(Exercise goal): As an exercise, transcribe the data below in full and exactly, omitting pictures.

##### Dataset records #####

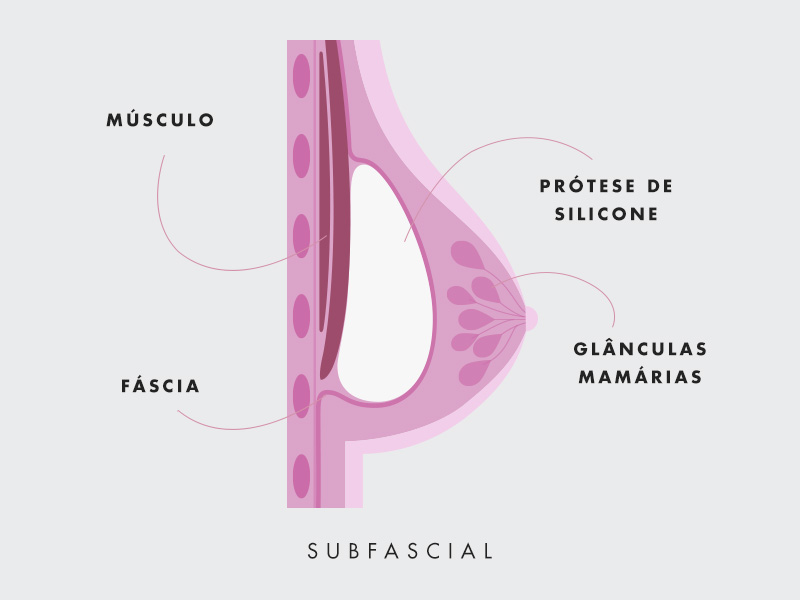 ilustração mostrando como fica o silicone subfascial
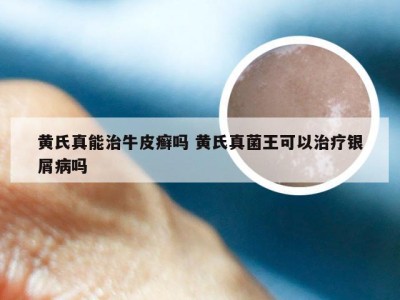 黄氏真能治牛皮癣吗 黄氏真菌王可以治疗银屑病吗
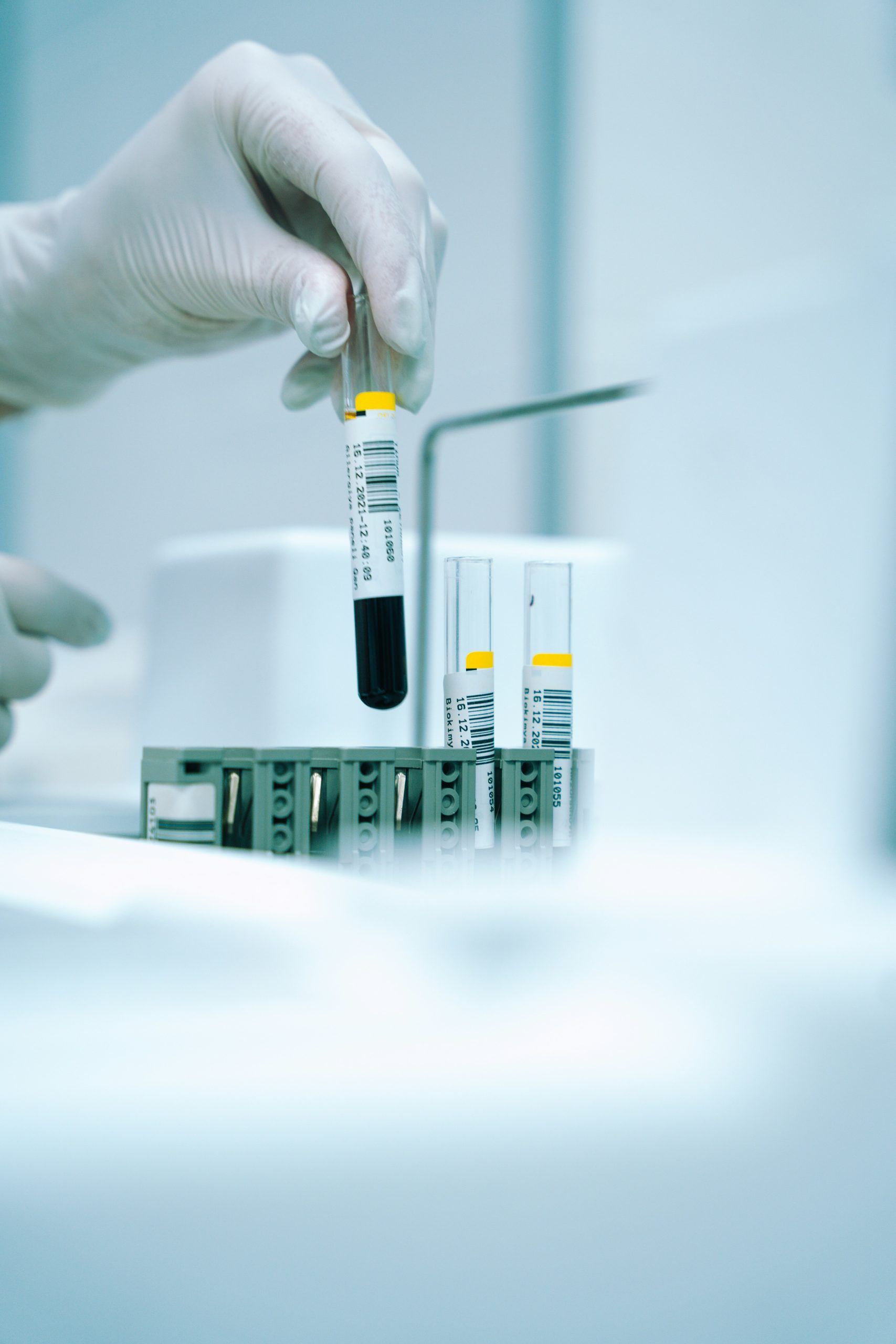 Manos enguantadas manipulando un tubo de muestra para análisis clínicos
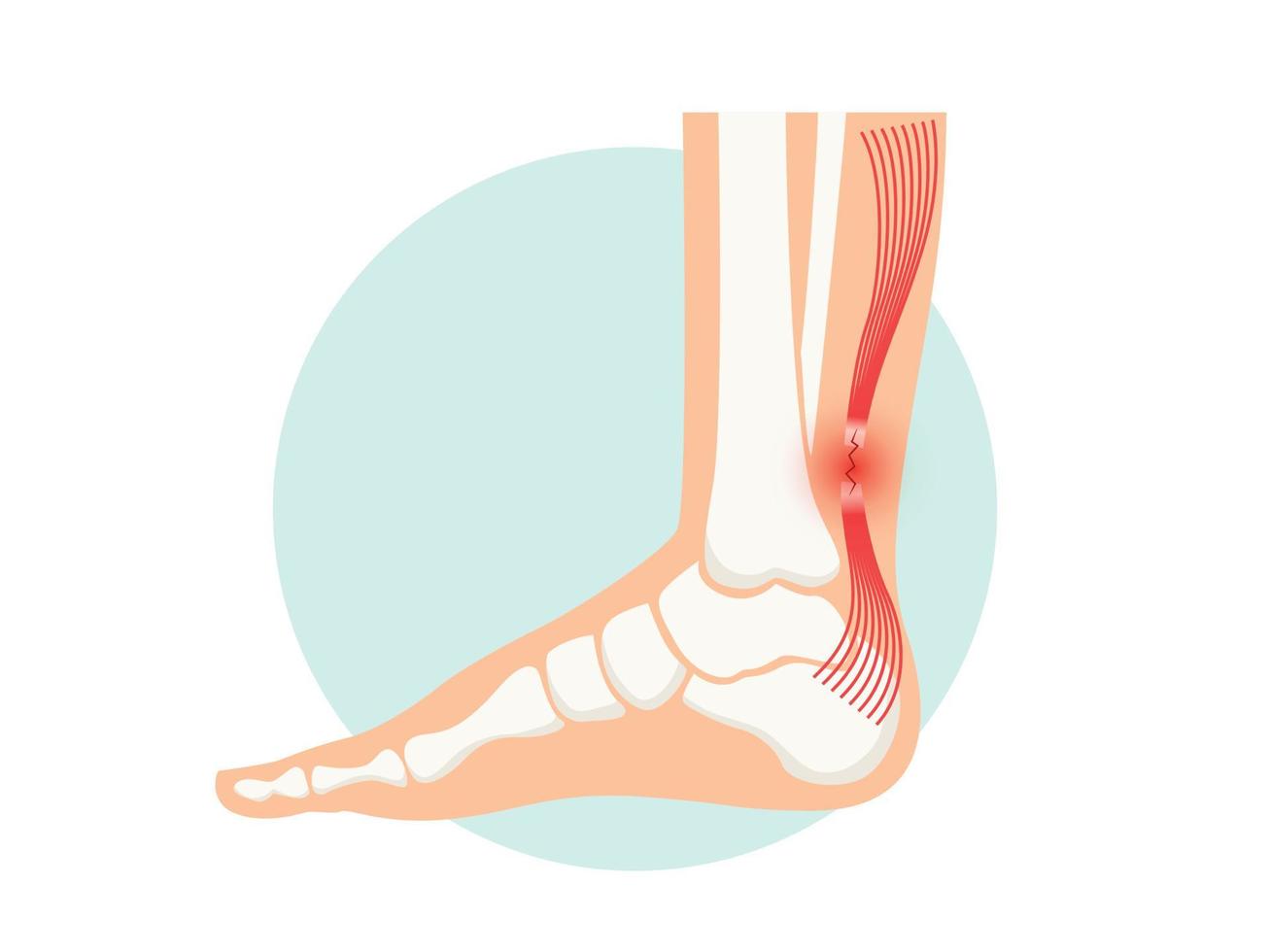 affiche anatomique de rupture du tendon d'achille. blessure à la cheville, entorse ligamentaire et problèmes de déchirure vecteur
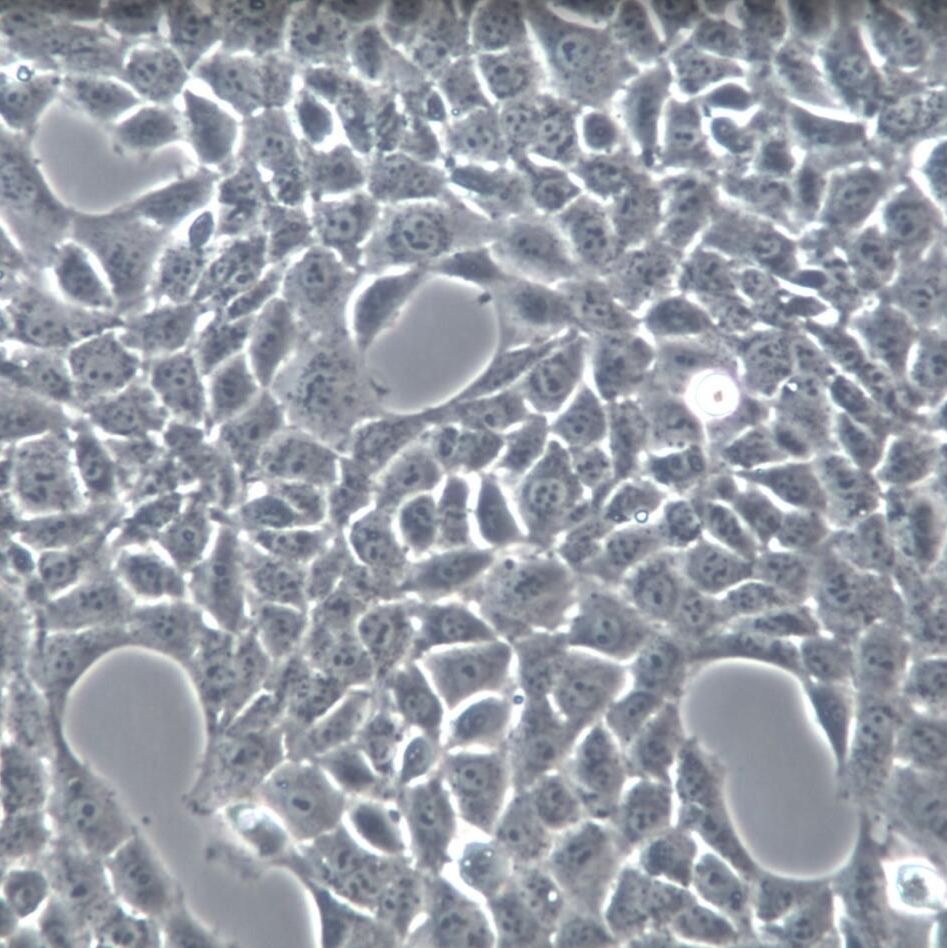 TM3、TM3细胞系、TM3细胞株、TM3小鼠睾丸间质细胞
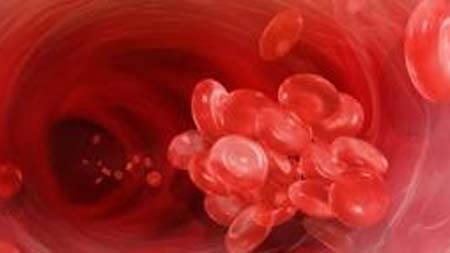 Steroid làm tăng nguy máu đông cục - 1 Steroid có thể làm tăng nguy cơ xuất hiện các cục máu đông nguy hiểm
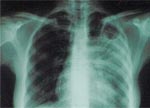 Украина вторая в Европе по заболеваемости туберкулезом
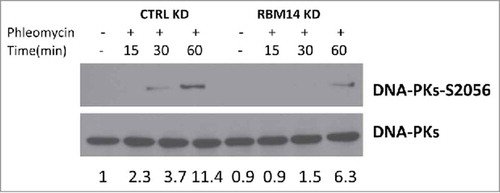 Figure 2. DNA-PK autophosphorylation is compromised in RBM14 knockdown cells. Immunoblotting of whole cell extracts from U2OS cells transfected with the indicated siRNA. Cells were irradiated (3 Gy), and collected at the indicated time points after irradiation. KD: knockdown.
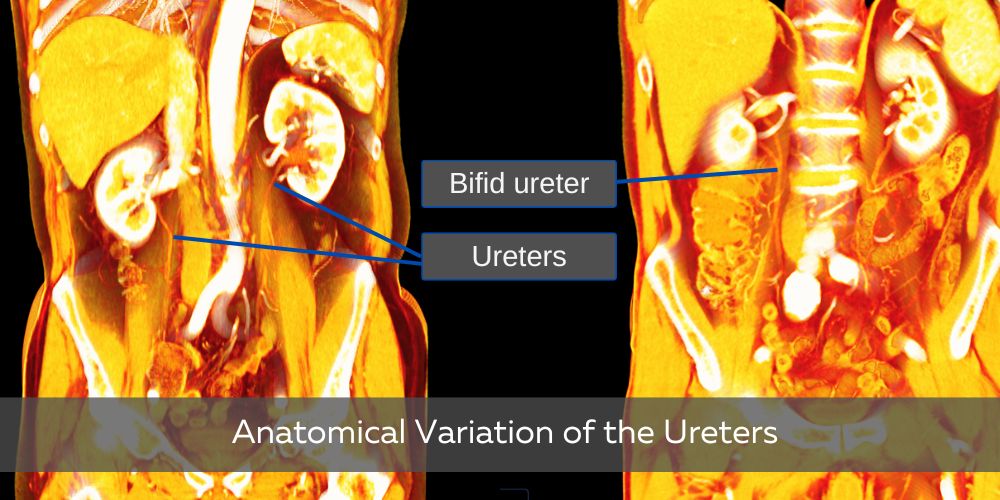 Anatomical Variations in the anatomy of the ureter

#####

(Result of the task):
 ilustração mostrando como fica o silicone subfascial
 黄氏真能治牛皮癣吗 黄氏真菌王可以治疗银屑病吗
 Manos enguantadas manipulando un tubo de muestra para análisis clínicos
 affiche anatomique de rupture du tendon d'achille. blessure à la cheville, entorse ligamentaire et problèmes de déchirure vecteur
 TM3、TM3细胞系、TM3细胞株、TM3小鼠睾丸间质细胞
 Steroid làm tăng nguy máu đông cục - 1 Steroid có thể làm tăng nguy cơ xuất hiện các cục máu đông nguy hiểm
 Украина вторая в Европе по заболеваемости туберкулезом
 Figure 2. DNA-PK autophosphorylation is compromised in RBM14 knockdown cells. Immunoblotting of whole cell extracts from U2OS cells transfected with the indicated siRNA. Cells were irradiated (3 Gy), and collected at the indicated time points after irradiation. KD: knockdown.
 Anatomical Variations in the anatomy of the ureter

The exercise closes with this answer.